Never has there been a time in which I would encourage the need for good people of faith to be involved in the world of politics.

Never has there been a time in which I would discourage good people of faith from involving themselves in the world of politics. 

I cannot fathom a situation in which I would encourage an individual to run for political office. (See: Jesus Isn’t as Conservative or Liberal as You Think)

In today’s climate it is impossible to abide by Biblical teaching and get elected to public office.

To encourage a Christian to run for state-wide or national office is to encourage them to endure one of two fates:

1. Certain defeat.

2. Disobedience to basic Biblical principles.

Neither seem like something I can in good conscience encourage a friend to endure.

These are the options because the current political climate does not tolerate truth, honesty, discernment, nuance, or wisdom. Instead, it values deception, immediacy, denial, and everything contrary to well-thought-out truth.

Consider: (See: Read This Before You Die)

  • Can someone become President or Senator without lying?
  • Can they win without turning a blind eye to evil done in their name (think outside political action committees)?
  • Can they be successful without twisting the words or votes of an opponent?
  • Can they gain votes without simplifying their opponents objections?

Sadly, many Christians and pastors have concluded the “ends justify the means.” Of course this idea is in no way Biblical. Jesus would never make that case. Yet seeing the great need in Washington and our state capitols, good men and women have chosen to do whatever necessary to get elected while assuming they will operate truthfully while in office.

Of course all evidence points to the opposite. Washington is not full of bad people (although there are many bad people there); instead the system of Washington doesn’t allow good people to operate the right way. Our system takes good people and makes them do bad things. Each individual is responsible for their actions, but we are responsible for the system.

It’s possible for Christians to be involved in local politics without acting against their faith. But I see no evidence that it is possible to do so in national politics.

I just watched a debate between two people I like running for a prominent office in my state. Both men seem good at heart. But both are lying. Both are doing whatever it takes to gain votes. Both are ignoring what outside groups are doing in their name to smear their opponent. I eventually turned off the debate because if I kept watching I would have ended up disliking both candidates.

That isn’t fair to the candidates. They are good men with good hearts. But the system is broken. We would never vote for someone who told the truth, who: (See: This Would Change Politics as We Know It)

  • called us to make difficult sacrifices for the sake of the future
  • told us what we didn’t want to hear even though it’s true
  • listened to others and changed his/her opinion based on new information
  • ignored party leaders and did what was right
  • humbly considered the opinion of others

If a candidate did that, they would certainly lose. So good people have the option—they can lose or they can lie. Sadly, many choose to lie.
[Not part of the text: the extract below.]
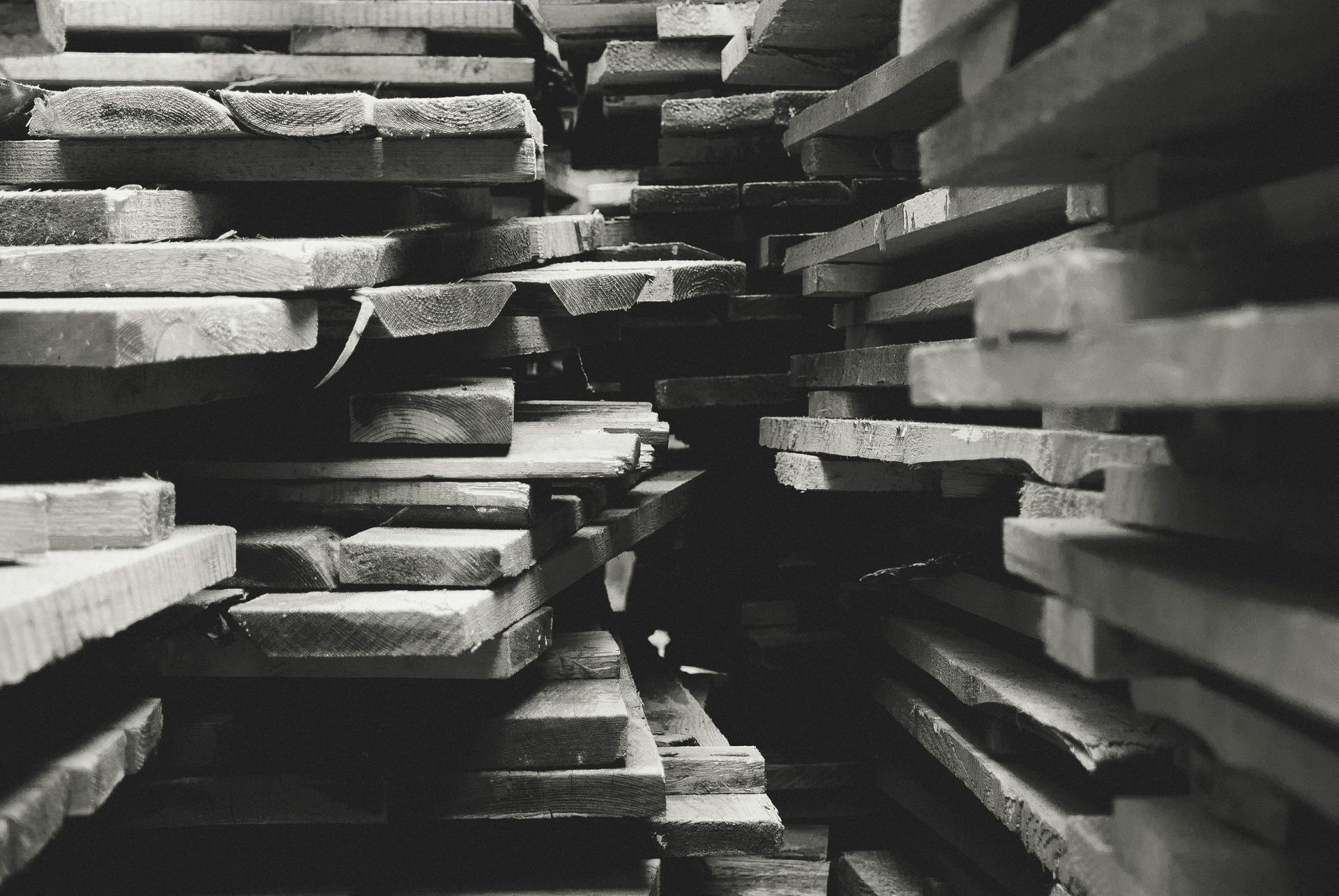 A black and white photo of a pile of wood.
I know many will disagree with my opinion. They will decry the current state of politics of our country and will scream of the need of good people involved in politics. I understand and appreciate their thoughts. But I strongly disagree that a Christian can claim the “ends justify the means.” Either a Christian gets elected while living out his/her faith in the election process or they reject office all together.

Unfortunately, I can’t imagine a scenario in which success is possible. So a Christian can either try to make a point by losing or they can simply choose not to run. (See: Three Loves to Change Your Life)

If the leader of a political party called and asked who should run for Governor, Senator, or President, I would have a short list of several people who would make the perfect candidate. Yet if that person called and asked me if they should run, I would say, “never.”